The researchers contend that this tool could become a key technique in managing disease by simply modifying cells and their functions. It would offer a disease management tool that currently does not exist.
“We’re excited because this provides a simplified, scalable, and generalizable technology to monitor and manipulate all cell types in any animal,” said neurobiologist Z. Josh Huang, who led the research, in a published statement. “We could actually modify specific types of cell function to manage diseases, regardless of their initial genetic predisposition. That’s not possible with current therapies or medicine.”
In research published this week in Nature, the team leveraged the ADAR enzyme, which resides in the cells of every animal. The ADAR enzyme has led the researchers to dub their approach CellREADR (cell access through RNA sensing by Endogenous ADAR). CellREADR is a customizable string of RNA that consists of three parts: a sensor, a kind of stop sign, and a set of blueprints.
In operation, the researchers first choose a specific cell type for investigation and then identify the target RNA that is produced by that particular cell. It is the use of this signature RNA for each cell that gives the tool its tissue specificity.
The sensor part of CellREADR is designed as the target RNA’s complementary strand. The sensor probe is based on the inherent ability of one piece of RNA to be attracted to another piece of RNA that has matching molecules.
With this capability, the sensor probes into the cell and finds its target RNA sequence, at which point they join together to form a piece of double-stranded RNA. It is this new RNA structure that triggers the ADAR enzyme to examine it and then change a single nucleotide of its code.

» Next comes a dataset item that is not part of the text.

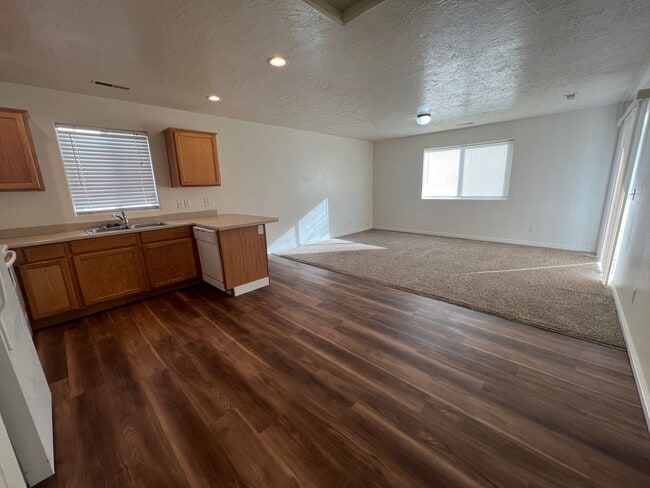 Building Photo - 3 bedroom, 2 bathroom twin home in Cedar W...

In addition to being found in all animal cells, the ADAR enzyme is a cell-defense mechanism that edits double-strand RNA when it encounters it.
The stop sign element of the CellREADR also leverages the same specific nucleotide edits that the ADAR enzyme made in the double-stranded RNA. The stop sign prevents the protein blueprints from being built. The stop sign is only removed once the CellREADR’s sensor docks to its specific RNA sequence.

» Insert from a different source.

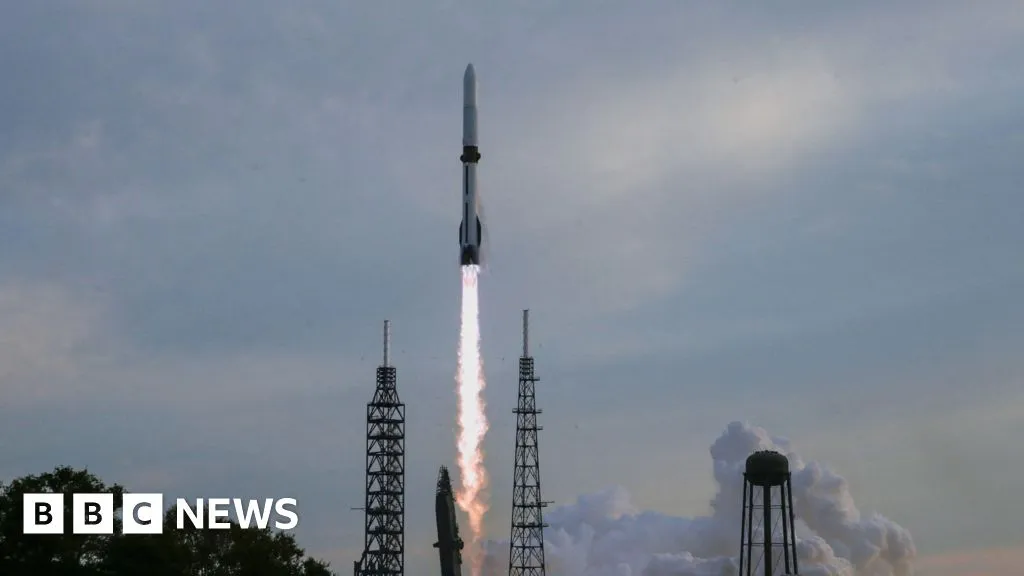 Blue Origin rocket grounded after satellite 'mishap'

The technique demonstrated spectacular success in its first iterations, according to the researchers. In these experiments, CellREADR accurately labeled specific brain populations in living mice, as well as adding activity monitors and control switches where directed. This took the form of fluorescent tags inserted into cells to label specific types of brain tissue, placing a light-sensitive on/off switch to silence or activate neurons of the researchers' choosing, and even introducing a self-destruct enzyme to precisely eliminate some cells but not others.
“With CellREADR, we can pick and choose populations to study and really begin to investigate the full range of cell types present in the human brain,” said coauthor Dr. Derek Southwell, PhD, a neurosurgeon and assistant professor in the department of neurosurgery at Duke, in a prepared statement.